**Data**
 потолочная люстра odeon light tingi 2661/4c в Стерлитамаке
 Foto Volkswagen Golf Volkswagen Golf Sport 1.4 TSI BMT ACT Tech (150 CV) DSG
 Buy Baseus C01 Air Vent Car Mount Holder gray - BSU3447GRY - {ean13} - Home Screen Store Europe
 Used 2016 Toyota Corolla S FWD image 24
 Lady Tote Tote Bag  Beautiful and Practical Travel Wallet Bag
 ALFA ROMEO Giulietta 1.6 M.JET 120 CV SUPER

* * *

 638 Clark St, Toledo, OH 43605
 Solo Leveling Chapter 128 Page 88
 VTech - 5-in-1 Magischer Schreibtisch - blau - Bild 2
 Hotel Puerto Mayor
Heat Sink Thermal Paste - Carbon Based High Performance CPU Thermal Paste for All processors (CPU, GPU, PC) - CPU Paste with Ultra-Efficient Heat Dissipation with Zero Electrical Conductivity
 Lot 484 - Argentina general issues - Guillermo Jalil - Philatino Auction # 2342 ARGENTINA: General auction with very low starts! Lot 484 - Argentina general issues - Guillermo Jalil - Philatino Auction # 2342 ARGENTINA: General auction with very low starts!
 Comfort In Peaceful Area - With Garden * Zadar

* * *

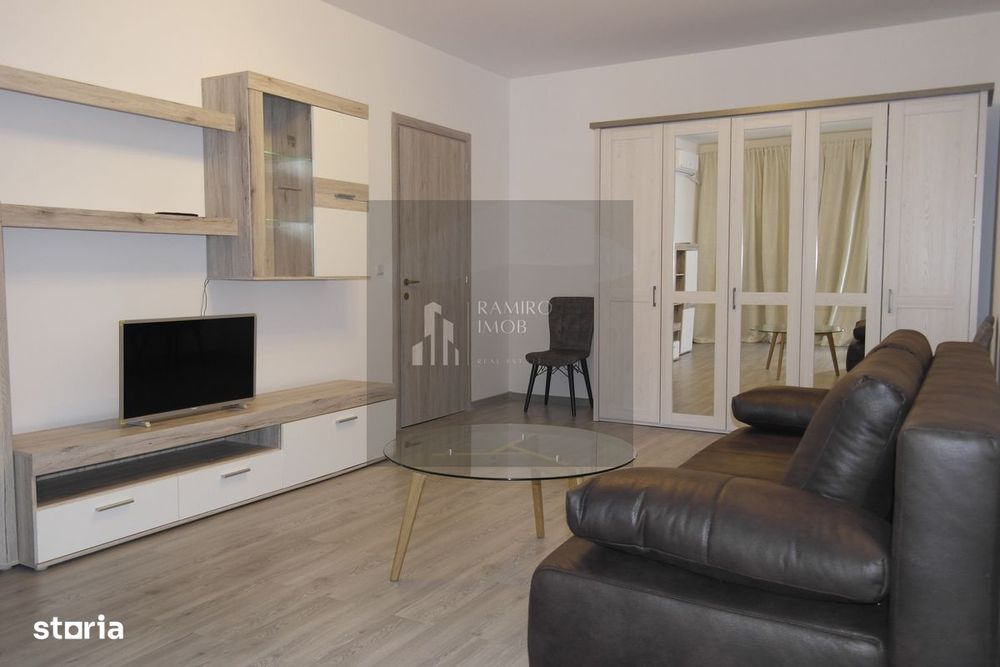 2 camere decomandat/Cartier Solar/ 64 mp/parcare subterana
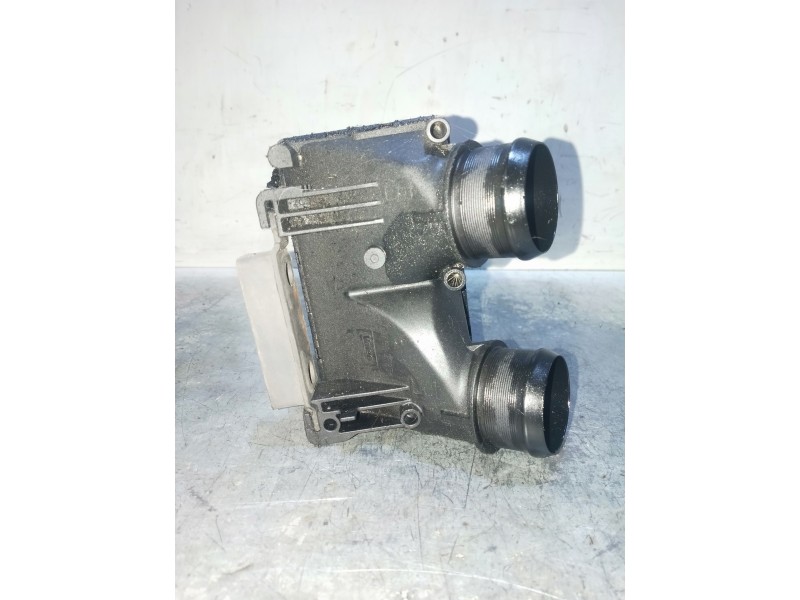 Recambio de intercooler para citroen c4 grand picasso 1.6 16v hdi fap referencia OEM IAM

**Directions**
Look above for the line that contains "Buy Baseus C01". Starting there, transcribe every line exactly until you have copied the line that contains "ALFA ROMEO Giulietta 1.6 M.JET 120 CV SUPER".

**Reply to the task**
 Buy Baseus C01 Air Vent Car Mount Holder gray - BSU3447GRY - {ean13} - Home Screen Store Europe
 Used 2016 Toyota Corolla S FWD image 24
 Lady Tote Tote Bag  Beautiful and Practical Travel Wallet Bag
 ALFA ROMEO Giulietta 1.6 M.JET 120 CV SUPER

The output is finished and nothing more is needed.